Write the full listing out again, word for word, but omit the pictures.

Source material:
-=-=-=-=-

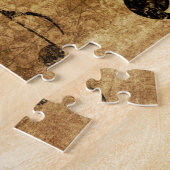 レトロ音符とピアノ ジグソーパズル (側面)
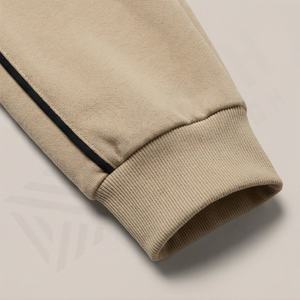 Ensemble de survêtement pour homme OEM ODM, jogging respirant, design personnalisé, logo, 100% coton, ensemble décontracté deux pièces, vêtements de sport pour la salle de sport - Product Image 6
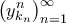 \displaystyle{\left( {y_{{k_n}}^n} \right)_{n = 1}^\infty }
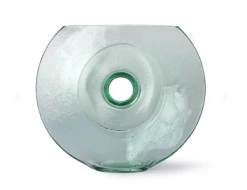 HKliving Green Tined Glass Circle Vase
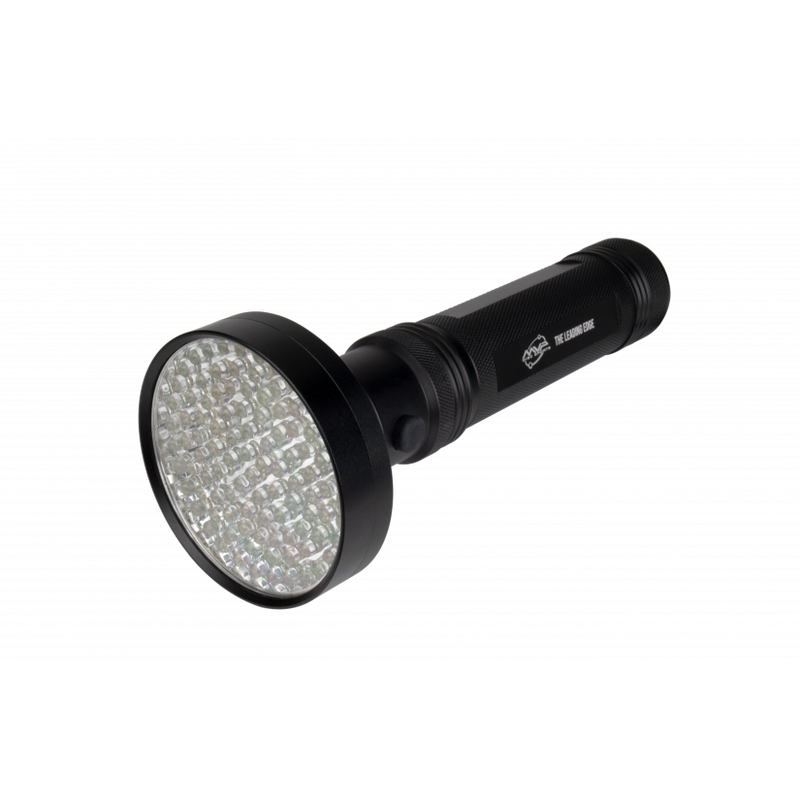 Black MVP Flashlight Extra Large with 51 LED bulbs, a textured grip, and the MVP logo printed on the side.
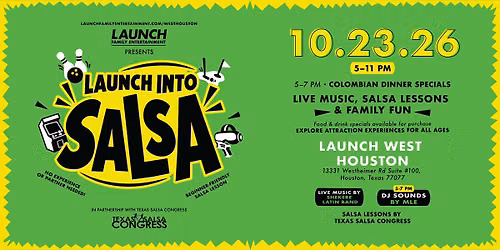 LAUNCH Into Salsa Night!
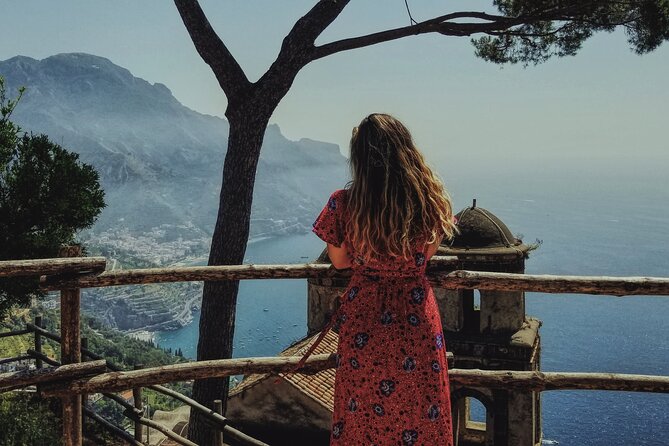 Jackie Kennedy Amalfi Coast Private Tour (Vintage Car & Boat) VIP EXCLUSIVE - Ravello and Amalfi: Town Charm With View-First Payoff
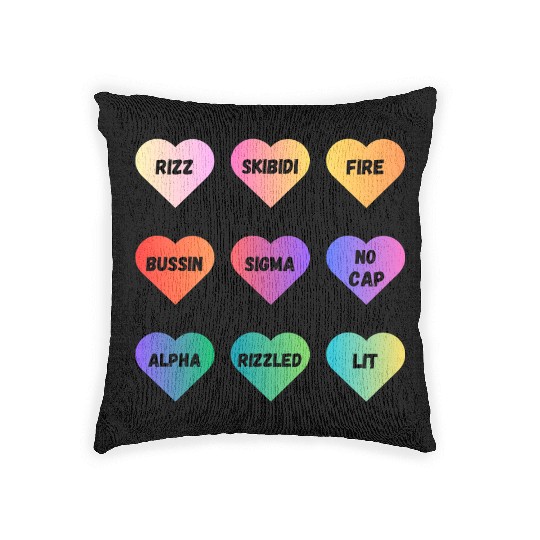 Skibidi Valentine's Day - Funny Valentine's Day Woven Pillows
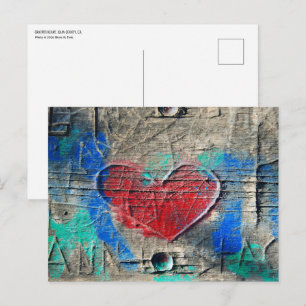Corazón de grafiti, tarjeta postal de Napa CA
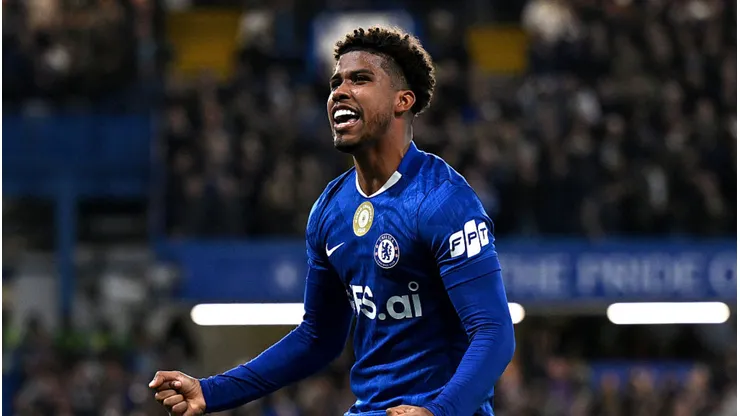 Andrey Santos marcou em jogo do Chelsea. Justin Setterfield/Getty Images.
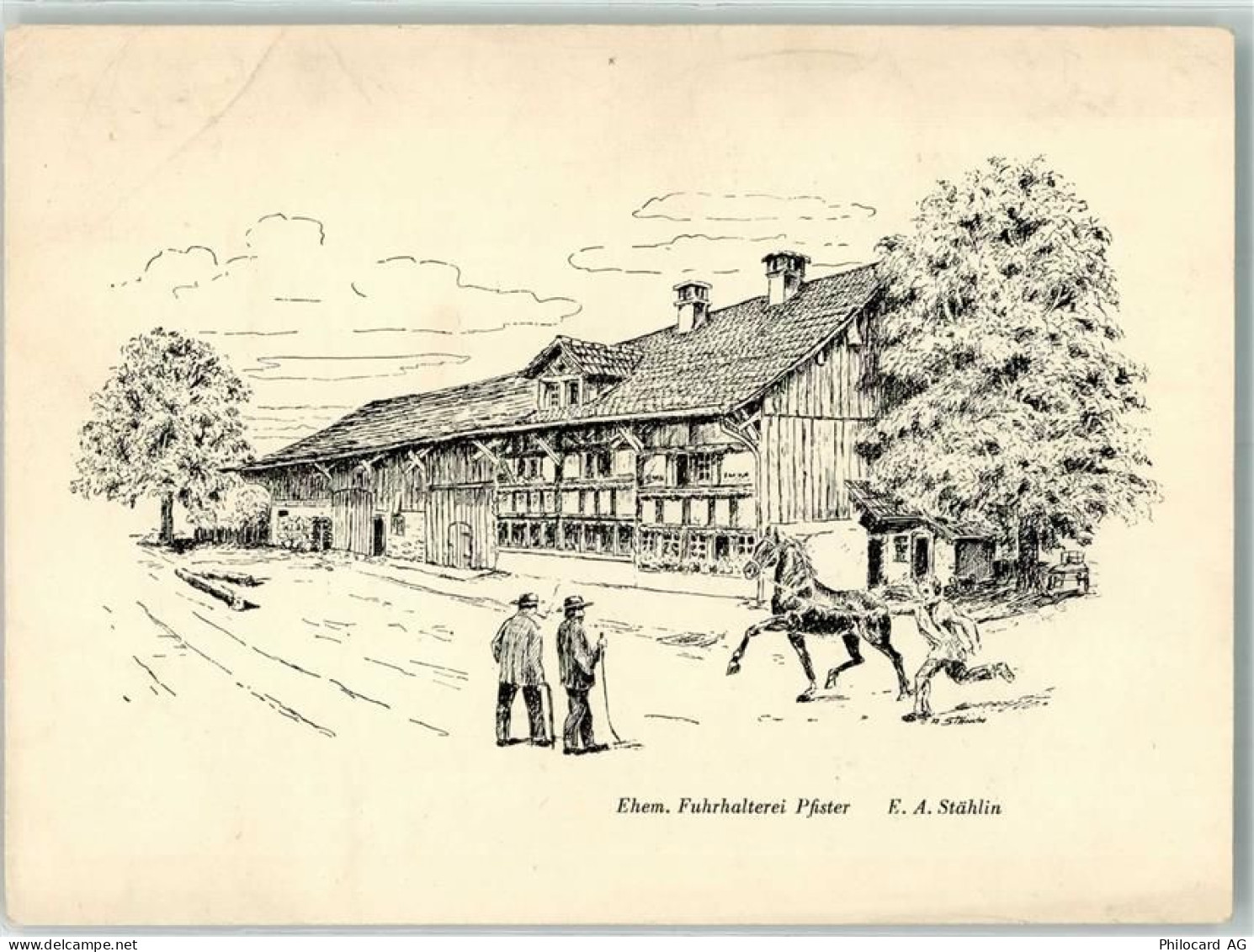 8600 Dübendorf Gebrauchsspuren sign. Stählin Fuhrhalterei Pfister Künstl... - 39701814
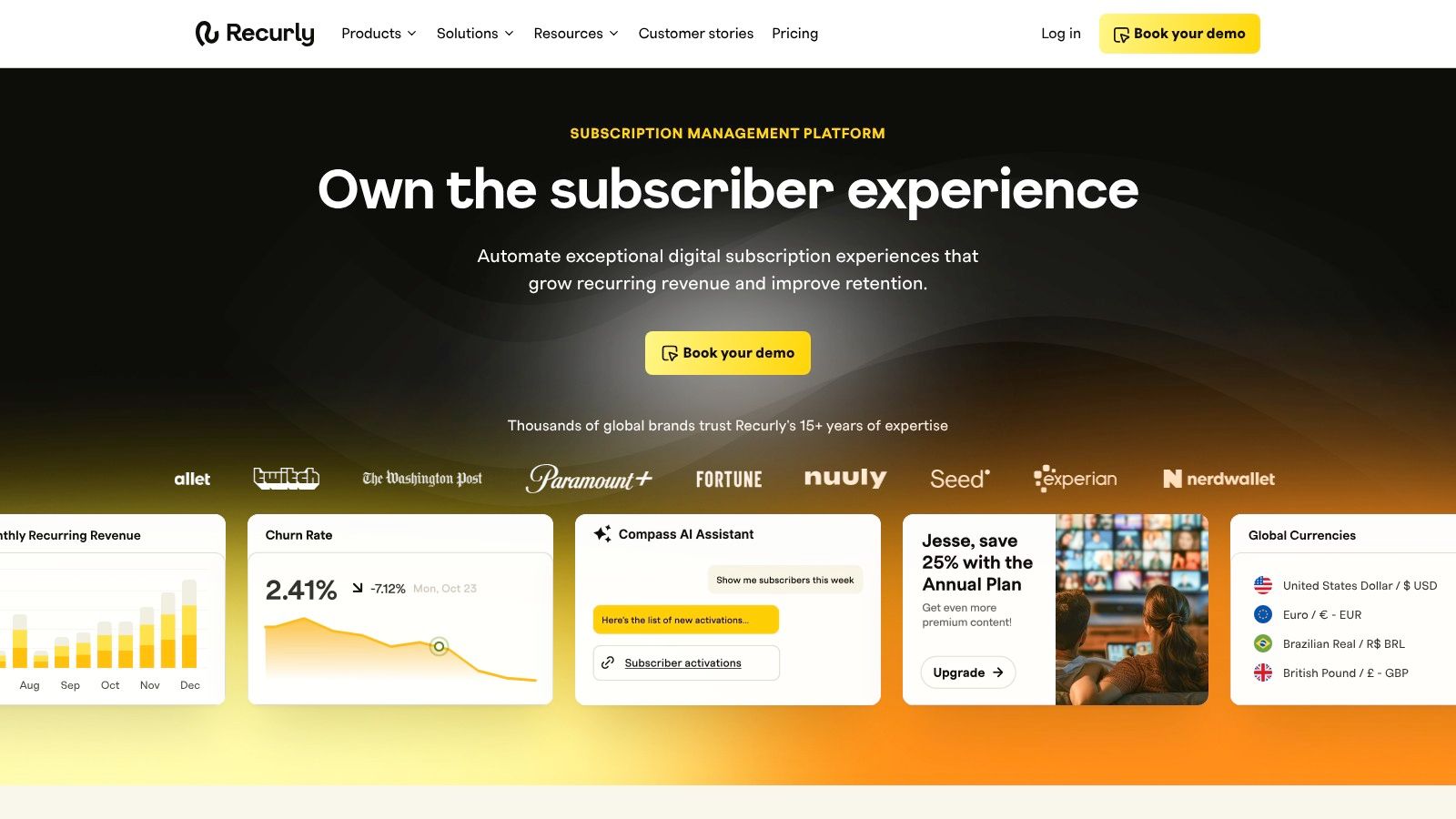 Recurly subscription platform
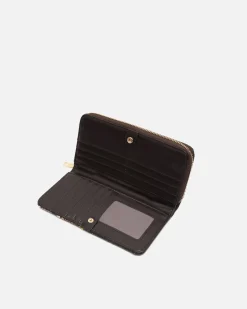 Monedero grande con estampado animal print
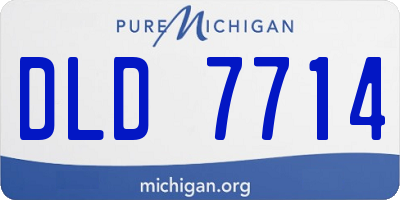 MI license plate DLD7714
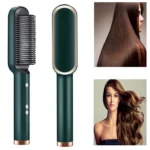 Electric Hair Straightening Brush  Heated Hair Straightener Comb  Anti-Frizz Hair Styling Brush - Image 3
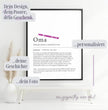 Definition Poster Oma: Dein liebevolles personalisiertes Geschenk - posterfolio.de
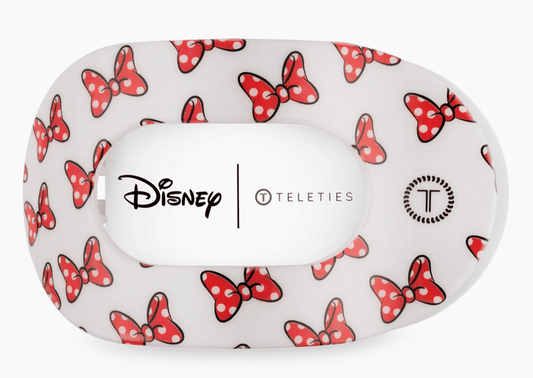Teleties Flat Round Hair Clip | Large | Minnie Mouse Loves Her Bows! - Aesthetics By Kell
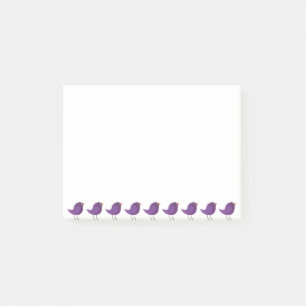 Kids cute birdy post-it notes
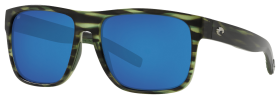 Costa Del Mar Spearo XL 580G Glass Polarized Sunglasses - Matte Reef/Blue Mirror - X-Large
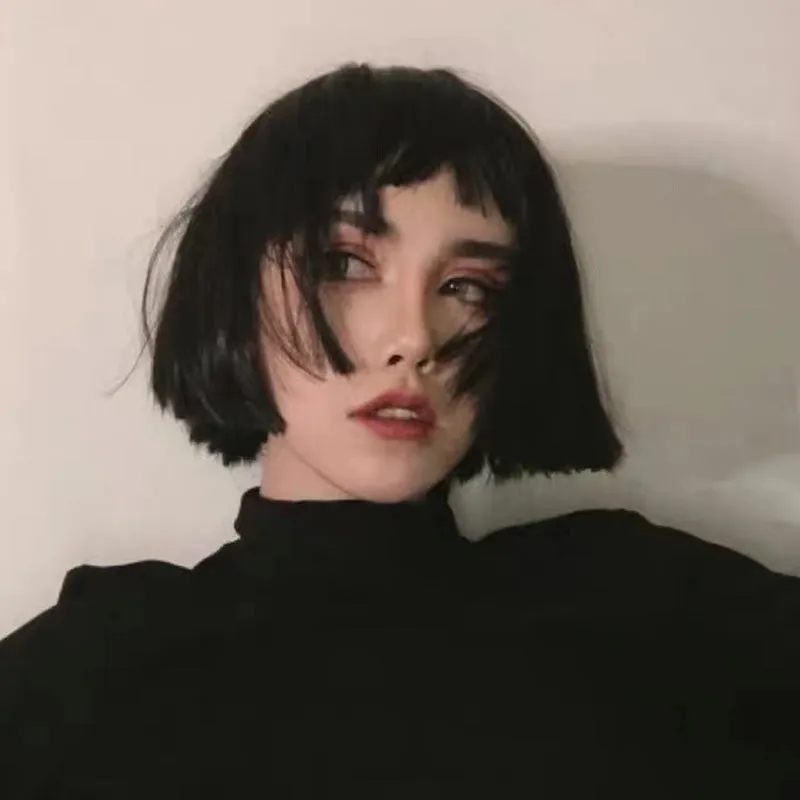 "BLACK COOL SHORT STRAIGHT" WIG K071709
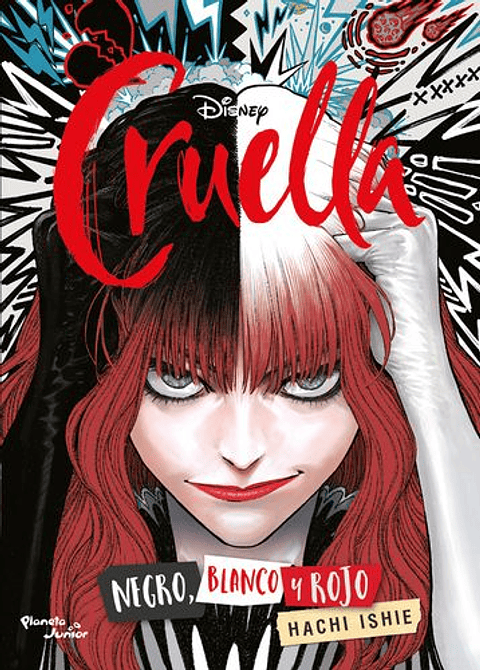 Cruella - Negro Blanco Y Rojo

-=-=-=-=-

Answer space:
 レトロ音符とピアノ ジグソーパズル (側面)
 Ensemble de survêtement pour homme OEM ODM, jogging respirant, design personnalisé, logo, 100% coton, ensemble décontracté deux pièces, vêtements de sport pour la salle de sport - Product Image 6
 \displaystyle{\left( {y_{{k_n}}^n} \right)_{n = 1}^\infty }
 HKliving Green Tined Glass Circle Vase
 Black MVP Flashlight Extra Large with 51 LED bulbs, a textured grip, and the MVP logo printed on the side.
 LAUNCH Into Salsa Night!
 Jackie Kennedy Amalfi Coast Private Tour (Vintage Car & Boat) VIP EXCLUSIVE - Ravello and Amalfi: Town Charm With View-First Payoff
 Skibidi Valentine's Day - Funny Valentine's Day Woven Pillows
Corazón de grafiti, tarjeta postal de Napa CA
 Andrey Santos marcou em jogo do Chelsea. Justin Setterfield/Getty Images.
 8600 Dübendorf Gebrauchsspuren sign. Stählin Fuhrhalterei Pfister Künstl... - 39701814
 Recurly subscription platform
 Monedero grande con estampado animal print
 MI license plate DLD7714
 Electric Hair Straightening Brush  Heated Hair Straightener Comb  Anti-Frizz Hair Styling Brush - Image 3
 Definition Poster Oma: Dein liebevolles personalisiertes Geschenk - posterfolio.de
Teleties Flat Round Hair Clip | Large | Minnie Mouse Loves Her Bows! - Aesthetics By Kell
 Kids cute birdy post-it notes
 Costa Del Mar Spearo XL 580G Glass Polarized Sunglasses - Matte Reef/Blue Mirror - X-Large
 "BLACK COOL SHORT STRAIGHT" WIG K071709
 Cruella - Negro Blanco Y Rojo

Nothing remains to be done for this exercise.